As I understand the similaritytodata operator compares everything with everything but i would like to compare the first item to the rest.

Which other Operator can i use ?

THank you very much for your Help!

Andrew2

Hello

You could use the "cross distances" operator. It takes two example sets. The first would be the single item, the second would be examples to match against it. The result would be the distances between the single example and all the others.

regards

Andrew

roberto_r_herma

Hi, I found this entry because I faced the same issue. It takes forever to get the output of cosine similiarity analysis out of 4100 documents. I followed some of the suggestions above and my flow is:

Read CSV--> Process documents from Data-->Data to similarity--> Similarity to Data--> Write Excel

After 24 hours it is still in the "Similarity to Data" process.

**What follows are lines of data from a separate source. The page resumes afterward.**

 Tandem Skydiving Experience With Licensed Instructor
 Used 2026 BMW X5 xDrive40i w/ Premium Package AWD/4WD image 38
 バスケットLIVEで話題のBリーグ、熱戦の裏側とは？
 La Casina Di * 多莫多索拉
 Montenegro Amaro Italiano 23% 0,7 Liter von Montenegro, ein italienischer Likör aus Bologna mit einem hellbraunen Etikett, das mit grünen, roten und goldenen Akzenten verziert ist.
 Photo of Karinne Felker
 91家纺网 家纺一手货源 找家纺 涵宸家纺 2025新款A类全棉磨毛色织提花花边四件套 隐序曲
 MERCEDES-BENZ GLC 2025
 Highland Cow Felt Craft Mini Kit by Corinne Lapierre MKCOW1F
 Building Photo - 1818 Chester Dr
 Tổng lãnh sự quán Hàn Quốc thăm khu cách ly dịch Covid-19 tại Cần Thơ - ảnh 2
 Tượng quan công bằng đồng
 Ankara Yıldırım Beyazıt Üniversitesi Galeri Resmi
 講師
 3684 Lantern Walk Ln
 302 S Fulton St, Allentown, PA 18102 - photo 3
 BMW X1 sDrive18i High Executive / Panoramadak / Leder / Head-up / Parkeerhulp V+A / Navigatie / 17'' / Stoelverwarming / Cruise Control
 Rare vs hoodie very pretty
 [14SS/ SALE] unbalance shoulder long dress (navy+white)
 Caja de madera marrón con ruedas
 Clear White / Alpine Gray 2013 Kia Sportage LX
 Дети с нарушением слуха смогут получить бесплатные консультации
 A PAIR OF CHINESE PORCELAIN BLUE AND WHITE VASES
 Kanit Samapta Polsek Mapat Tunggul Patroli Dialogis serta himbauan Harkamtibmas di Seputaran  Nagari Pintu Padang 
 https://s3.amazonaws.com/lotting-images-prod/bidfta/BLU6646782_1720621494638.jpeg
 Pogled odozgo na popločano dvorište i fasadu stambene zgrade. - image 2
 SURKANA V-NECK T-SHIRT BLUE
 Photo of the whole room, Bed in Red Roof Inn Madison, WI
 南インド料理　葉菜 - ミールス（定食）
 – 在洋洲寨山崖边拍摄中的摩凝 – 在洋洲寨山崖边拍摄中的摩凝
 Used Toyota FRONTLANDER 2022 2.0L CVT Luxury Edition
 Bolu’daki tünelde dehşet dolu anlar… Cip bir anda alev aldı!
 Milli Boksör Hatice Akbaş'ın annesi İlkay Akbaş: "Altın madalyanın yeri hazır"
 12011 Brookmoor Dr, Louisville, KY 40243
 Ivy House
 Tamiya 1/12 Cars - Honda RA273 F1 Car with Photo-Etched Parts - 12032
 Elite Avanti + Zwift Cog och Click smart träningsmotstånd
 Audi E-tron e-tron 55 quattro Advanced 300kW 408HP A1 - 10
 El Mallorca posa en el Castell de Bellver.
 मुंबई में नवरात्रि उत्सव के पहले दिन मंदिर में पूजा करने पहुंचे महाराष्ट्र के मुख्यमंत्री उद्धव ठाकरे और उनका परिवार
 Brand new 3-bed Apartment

Any one has an idea how much time this will take? My PC characteristics are as follow:

Windows 10 entreprise Version 1607, 64 bit

Processor Intel Core i5-4310U

CPU 2,60 GHZ

RAM (8GB)

Thanks for any tip

sgenzer

Hello @roberto_r_herma - so process time varies a lot depending on many factors including your machine, the size and scope of the documents, etc... One thing that I can definitely tell you is that RapidMiner loves RAM and multiple core processors. FWIW, I just upgraded to 64GB of RAM with my 6-core Intel Xeon E5 to keep things humming along.

If I were you, I'd use the Sample operator and grab a small sample of your documents first. Benchmark the sample and then gently increase so you can get a sense if the full 4100 docs is going to take 2 days or 2 years.

Scott

roberto_r_herma

Thanks for the tip!